Task item ->
Lines holding the word "Food" in the material below: count them and write the number alone.

↓

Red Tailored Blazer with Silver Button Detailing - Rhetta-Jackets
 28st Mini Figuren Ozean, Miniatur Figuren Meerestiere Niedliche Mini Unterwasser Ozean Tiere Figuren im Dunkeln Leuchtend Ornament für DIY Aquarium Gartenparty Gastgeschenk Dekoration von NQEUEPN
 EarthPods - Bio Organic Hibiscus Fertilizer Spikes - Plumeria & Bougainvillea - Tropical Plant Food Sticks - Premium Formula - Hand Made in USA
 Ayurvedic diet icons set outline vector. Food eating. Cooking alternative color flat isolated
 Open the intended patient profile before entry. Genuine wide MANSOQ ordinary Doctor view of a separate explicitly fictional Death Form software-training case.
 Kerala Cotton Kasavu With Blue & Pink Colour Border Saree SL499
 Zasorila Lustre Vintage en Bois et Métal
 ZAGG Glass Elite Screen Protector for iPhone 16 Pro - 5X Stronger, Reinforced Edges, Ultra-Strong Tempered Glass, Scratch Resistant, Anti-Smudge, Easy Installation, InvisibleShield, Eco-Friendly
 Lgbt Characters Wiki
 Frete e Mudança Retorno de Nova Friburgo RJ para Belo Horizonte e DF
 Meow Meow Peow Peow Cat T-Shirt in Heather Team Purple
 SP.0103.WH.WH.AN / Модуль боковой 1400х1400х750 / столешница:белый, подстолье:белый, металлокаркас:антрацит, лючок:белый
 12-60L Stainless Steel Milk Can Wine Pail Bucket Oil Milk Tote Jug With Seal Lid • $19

↑

Result for this exercise ->
2